The challenges in relation to water resource management in Brazil cannot be addressed separately due to the cause and effect relations among them, such as: increasing water supply and access to water vs. insufficient investment in basic sanitation.
Brazilian authorities are expecting UNESCO to provide assistance and technical support in implementing recommendations approved in forums, where UNESCO has been leading international mobilization, particularly, the World Water Assessment Programme (WWAP).
UNESCO’s official responsibilities in these areas lend a distinctive profile to the sector. In this light, since 1975, UNESCO has been promoting studies within the ambit of the International Hydrological Programme (IHP) and has an important technical/scientific background in water management.
It is important to remember that water is a UNESCO priority and that all support should be given to water-related initiatives, as UNESCO Brasilia Office has been doing, cooperating with Brazilian authorities in this area for several years, and all support will be given to projects.
Safe drinking water must be guaranteed for all and this resource must be wisely managed for sustainable development, according to the discussions taken place during Rio+20 Conference (2012).
Expanding safe drinking water and sanitation services would drastically cut the loss of life from water-related illnesses and free up scarce resources in developing countries. Upgrading water supply and sanitation services can also improve education, allowing more children or even adults to attend school instead of spending hours each day collecting water. It would also save millions of workdays.

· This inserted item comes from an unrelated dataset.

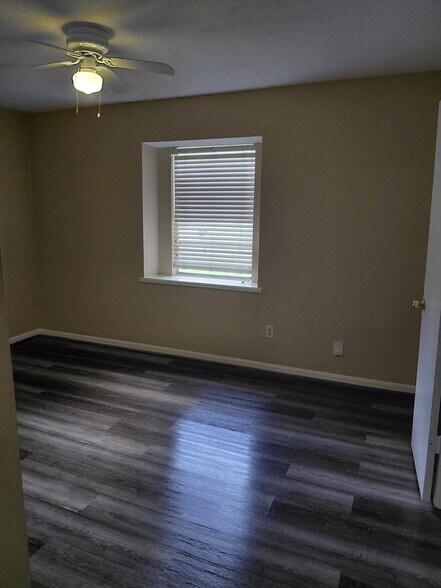 Building Photo - 23207 Cranberry Trail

To address this issue will require strengthening education, training, capacity-building, and awareness-raising efforts on the sustainable management of freshwater resources. It will also require enhancing the knowledge base necessary for informed decision-making processes in relation to water management and consumption, and developing sustainability policies that address global risks, including those associated with water, in an integrated and coordinated manner.